The BBC positions this membership as "the first step towards full membership of the European Union". Had it joined the EEA, by now, it says, "Switzerland would probably be one of the more longstanding members of the EU".

The article is worth reading in full, but what is interesting is the way the EEA is seen as a halfway house to EU membership. Yet this very same organisation we see as a parking place for the UK, should we leave the EU.

In fact, there is no contradiction here. What can be a way in can also be a way out. Membership of the EEA is a very good way of parking the Single Market issue, neutralising concerns about trade while we attend to the serious business of extracting ourselves from the acquis.

Elsewhere, we have seen concerns that EEA membership does not distance us sufficiently from the EU. That concern is well-founded. In addition to the partaking in the Single Market, members are required to subscribe to the "four freedoms", which includes open borders within the area, with its unrestricted immigration.

We heard of some of the effects of that unrestricted immigration recently, during a Westminster Hall debate.

There are 1.4 million EU citizens working in the UK, with 107,000 unemployed and almost half a million economically inactive. Those EU citizens have some 400,000 children. And about half of the total, currently 1,079,000, come from the so-called A8 countries, the eight central and eastern European countries that became members of the EU in May 2004.

However, that is only one side of the equation.
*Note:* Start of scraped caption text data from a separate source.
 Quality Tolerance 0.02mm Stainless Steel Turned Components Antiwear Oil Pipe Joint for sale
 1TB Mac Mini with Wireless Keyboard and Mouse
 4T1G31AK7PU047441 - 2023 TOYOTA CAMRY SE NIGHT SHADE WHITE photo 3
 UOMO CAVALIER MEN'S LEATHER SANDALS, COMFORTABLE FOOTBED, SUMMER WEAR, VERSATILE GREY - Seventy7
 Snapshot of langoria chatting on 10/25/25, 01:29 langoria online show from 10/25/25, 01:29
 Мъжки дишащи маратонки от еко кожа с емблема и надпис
On the other side, about 5.5 million British-born people live abroad, with roughly two million resident in EU member states. Walk away from the "four freedoms" and a very large number of expats are without a home.
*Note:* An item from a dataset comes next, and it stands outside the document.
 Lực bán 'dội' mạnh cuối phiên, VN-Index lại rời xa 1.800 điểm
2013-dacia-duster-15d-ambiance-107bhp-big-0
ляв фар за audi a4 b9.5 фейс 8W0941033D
Unravelling this mess, therefore, is going to take time and care, which makes a halfway house a sensible proposition. But, with Article 50 and the EEA, a safe extraction is doable.

Nevertheless, there are those who still argue for renegotiation route, not realising that the Article 48 "revision procedure" requires a majority on the European Council before a convention can be set up or an IGC declared. In order for the UK to introduce amendments to the treaty, it needs a majority on the European Council.
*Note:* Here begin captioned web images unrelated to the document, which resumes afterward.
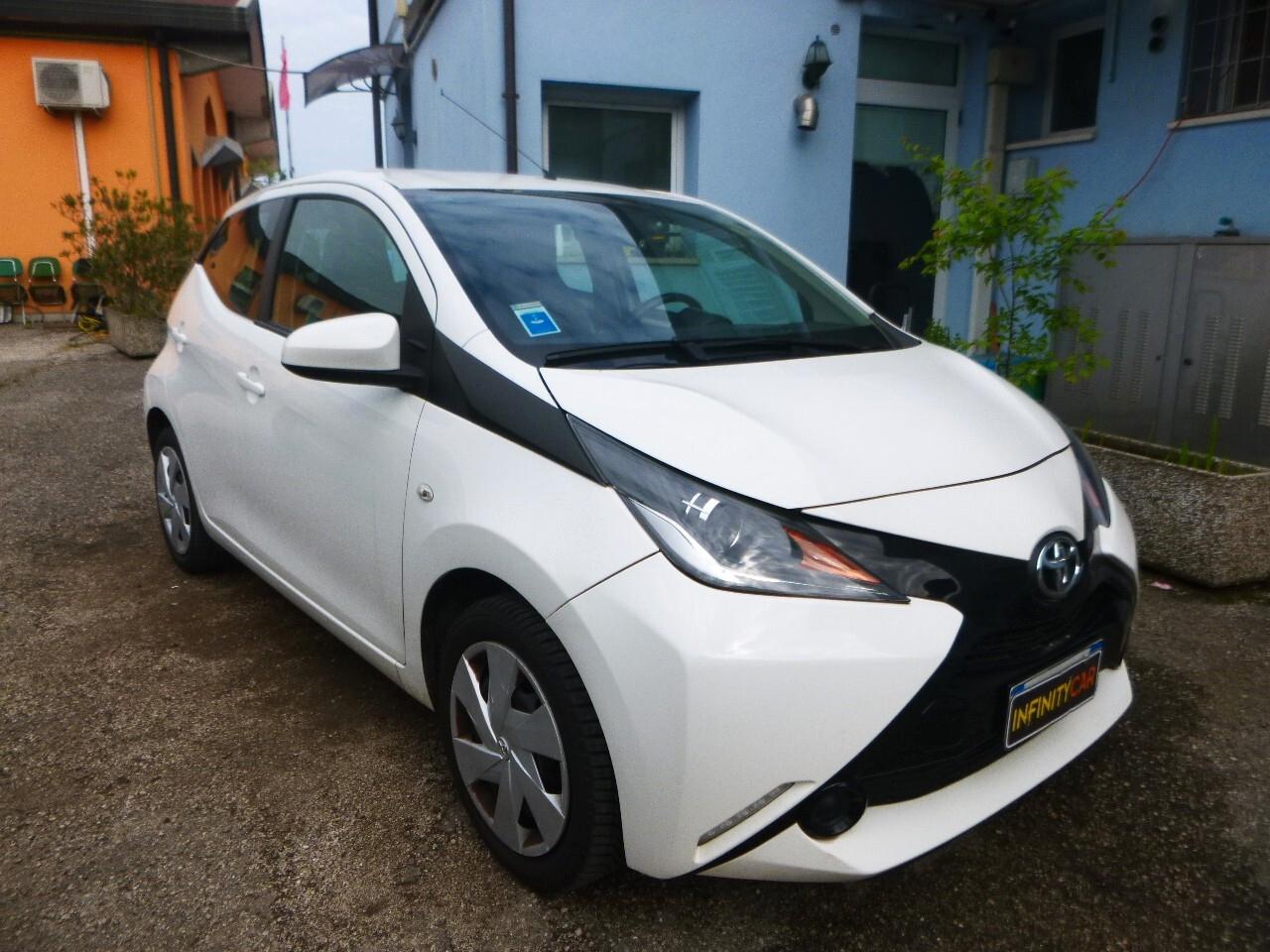 Toyota Aygo 1.0 VVT-i 69 CV 5 porte x-play MMT NEOPATENTATI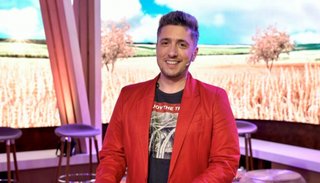 Telefé suspendió a Jey Mammón como conductor de "La peña..." tras conocerse la denuncia de abuso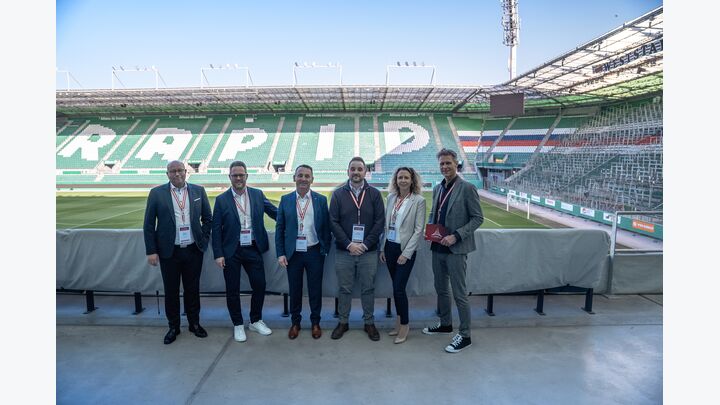 Manuel Speiseder (Condair), Jürgen Obmauer (Belimo), Gerhard Hafenscher (Condair), Amir Ibrahimagic (Konvekta), Silke Ortner (Konvekta) und Moderator Thomas Mussger (v.l.n.r.) hießen die Besucher*innen bei Austrian Efficiency Excellence in Wien willkommen.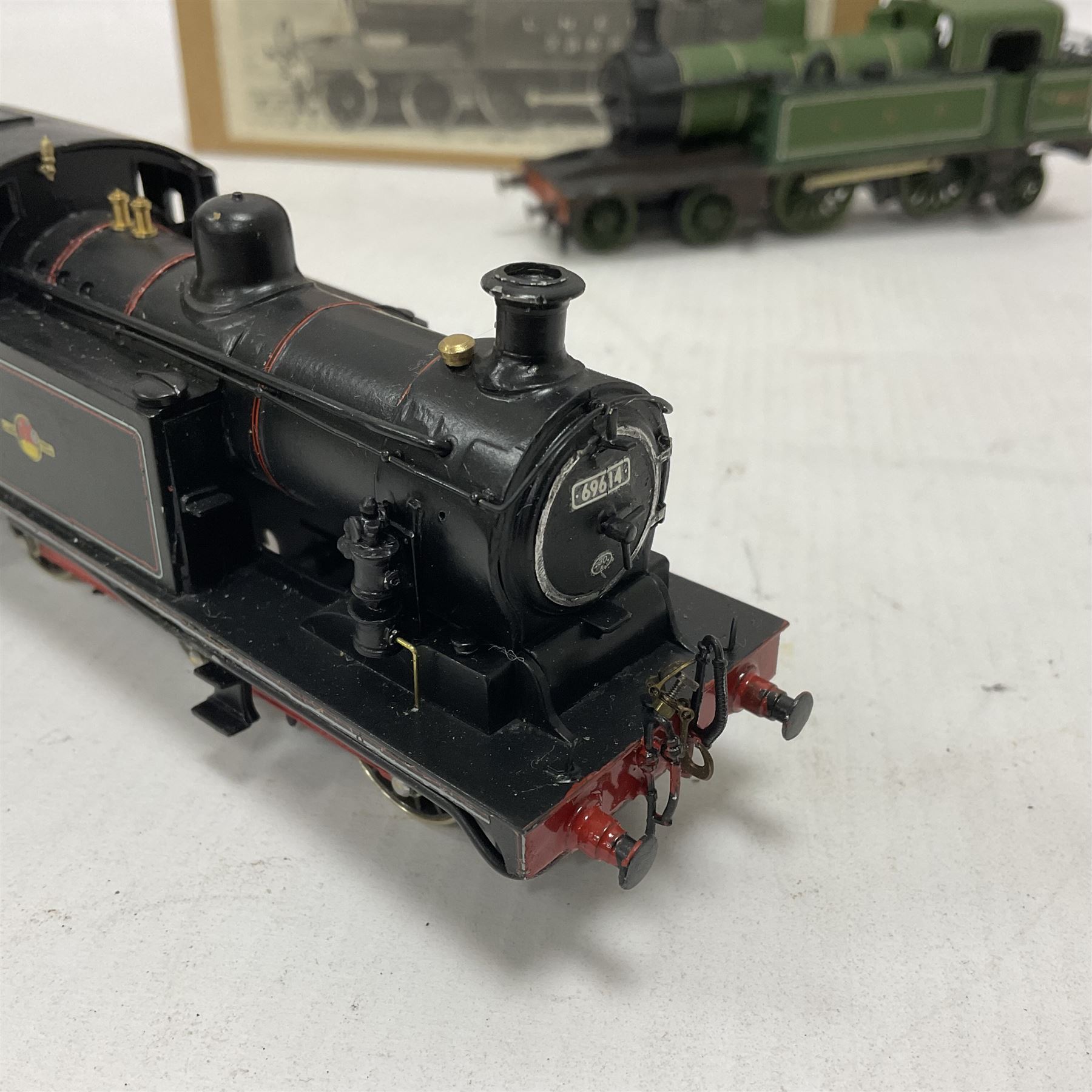 ‘00’ gauge - two kit built steam locomotives comprising Class N7 LNER/BR 1/4/5 0-6-2T no.69614 finished in BR black with South Eastern Finecast box; Class C12 GNR/LNER/BR 4-4-2T no.1527 finished in GNR green with plain brown box labelled ‘Finecast’ (2)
As to the possibility of hijacking an existing IGC – which seems to be Boris "burbling" Johnson's preference – that can't happen without the support of the Council president, who controls the agenda. Should the UK seek to impose an agenda item, it is back to a majority decision of the European Council. The renegotiation route has nowhere to go.

No one should run away with the idea, though, that membership of the EEA is the final solution for Britain. Looking at the Swiss scenario, we see that since 1992, Switzerland has concluded more than bilateral 100 agreements with the EU, including one that allows the free movement of people.

That is something from which we can learn. An Article 50 agreement is not the end of the story. Once we have withdrawn from the EU and repatriated the acquis, we will have a similar ability to forge bilateral agreements with the EU, and there is nothing to stop us eventually walking away from the EEA - or seeking treaty amendments. But these are not options we have to consider at this time.

Nor is it going to be easy. The BBC piece, suggests that an "era of agonised decision-making may be approaching", because Brussels has told the Swiss government the EU is no longer interested in pursuing bilateral agreements. Instead Brussels wants Switzerland automatically to adopt EU law - "a suggestion which is already causing Swiss hackles to rise".

But Britain on the outside would change the calculus. Bullying Switzerland comes easy to the "colleagues" – especially when so many Swiss politicians would rather be inside the EU than out. Britain would be a different proposition.

And, as Switzerland found, outside the EU, its economy is healthy and unemployment is low. Unsurprisingly, the Swiss people have little enthusiasm for Brussels: barely eleven percent, outside the political clique, want membership. The way things are going, the UK won't even have that number in favour of membership.

In that, we would be happy to follow in Switzerland's footsteps.